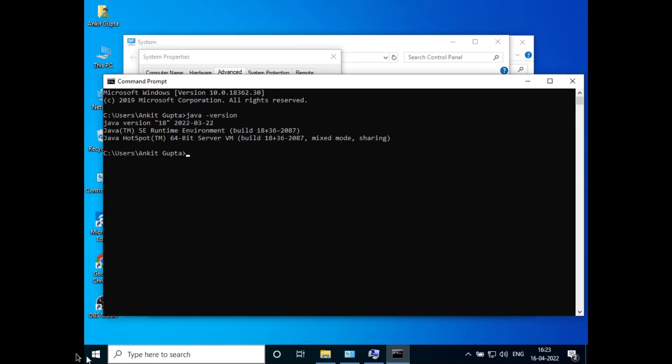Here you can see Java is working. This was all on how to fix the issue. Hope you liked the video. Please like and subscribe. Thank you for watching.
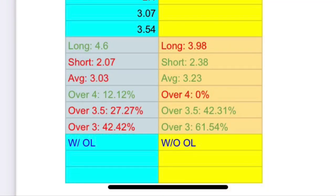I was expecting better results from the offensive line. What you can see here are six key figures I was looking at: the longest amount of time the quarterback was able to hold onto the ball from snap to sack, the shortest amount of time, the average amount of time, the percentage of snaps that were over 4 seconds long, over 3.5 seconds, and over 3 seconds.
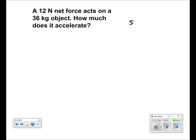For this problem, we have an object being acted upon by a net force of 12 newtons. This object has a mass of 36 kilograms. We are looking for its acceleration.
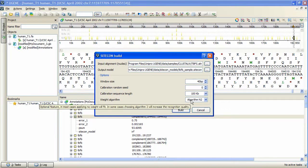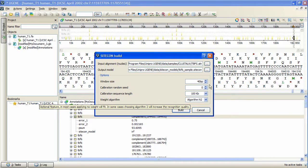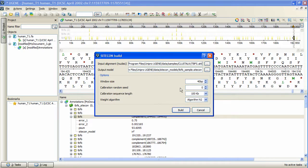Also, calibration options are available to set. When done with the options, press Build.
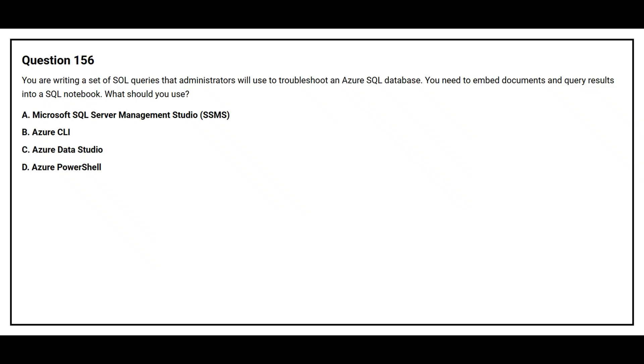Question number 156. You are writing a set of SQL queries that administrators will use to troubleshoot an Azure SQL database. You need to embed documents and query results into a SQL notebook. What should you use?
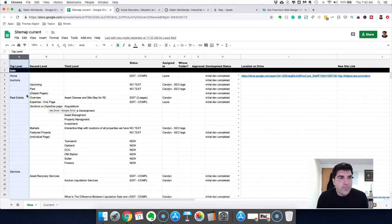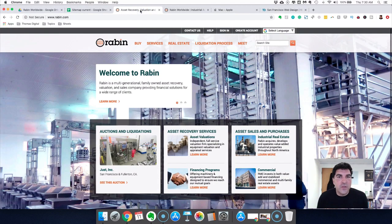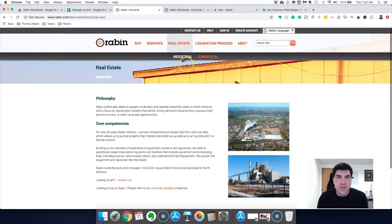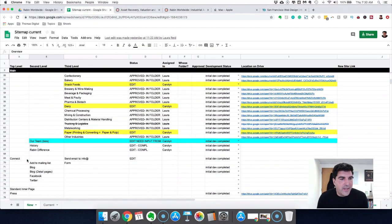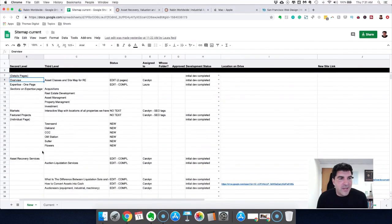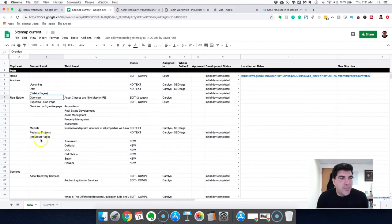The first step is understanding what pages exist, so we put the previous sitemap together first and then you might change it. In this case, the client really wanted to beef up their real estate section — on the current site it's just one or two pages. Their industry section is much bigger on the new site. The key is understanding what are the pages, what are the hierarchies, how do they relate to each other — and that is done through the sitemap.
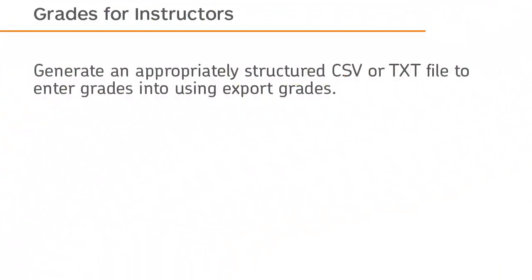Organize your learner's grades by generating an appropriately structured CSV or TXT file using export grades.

-=-=-

* WORK TO BE COMPLETED *
Would you please retype the material above exactly and leave out each picture?

* TASK ANSWER *
Here you can see Java is working. This was all on how to fix the issue. Hope you liked the video. Please like and subscribe. Thank you for watching.
I was expecting better results from the offensive line. What you can see here are six key figures I was looking at: the longest amount of time the quarterback was able to hold onto the ball from snap to sack, the shortest amount of time, the average amount of time, the percentage of snaps that were over 4 seconds long, over 3.5 seconds, and over 3 seconds.
For this problem, we have an object being acted upon by a net force of 12 newtons. This object has a mass of 36 kilograms. We are looking for its acceleration.
Also, calibration options are available to set. When done with the options, press Build.
Question number 156. You are writing a set of SQL queries that administrators will use to troubleshoot an Azure SQL database. You need to embed documents and query results into a SQL notebook. What should you use?
The first step is understanding what pages exist, so we put the previous sitemap together first and then you might change it. In this case, the client really wanted to beef up their real estate section — on the current site it's just one or two pages. Their industry section is much bigger on the new site. The key is understanding what are the pages, what are the hierarchies, how do they relate to each other — and that is done through the sitemap.
Organize your learner's grades by generating an appropriately structured CSV or TXT file using export grades.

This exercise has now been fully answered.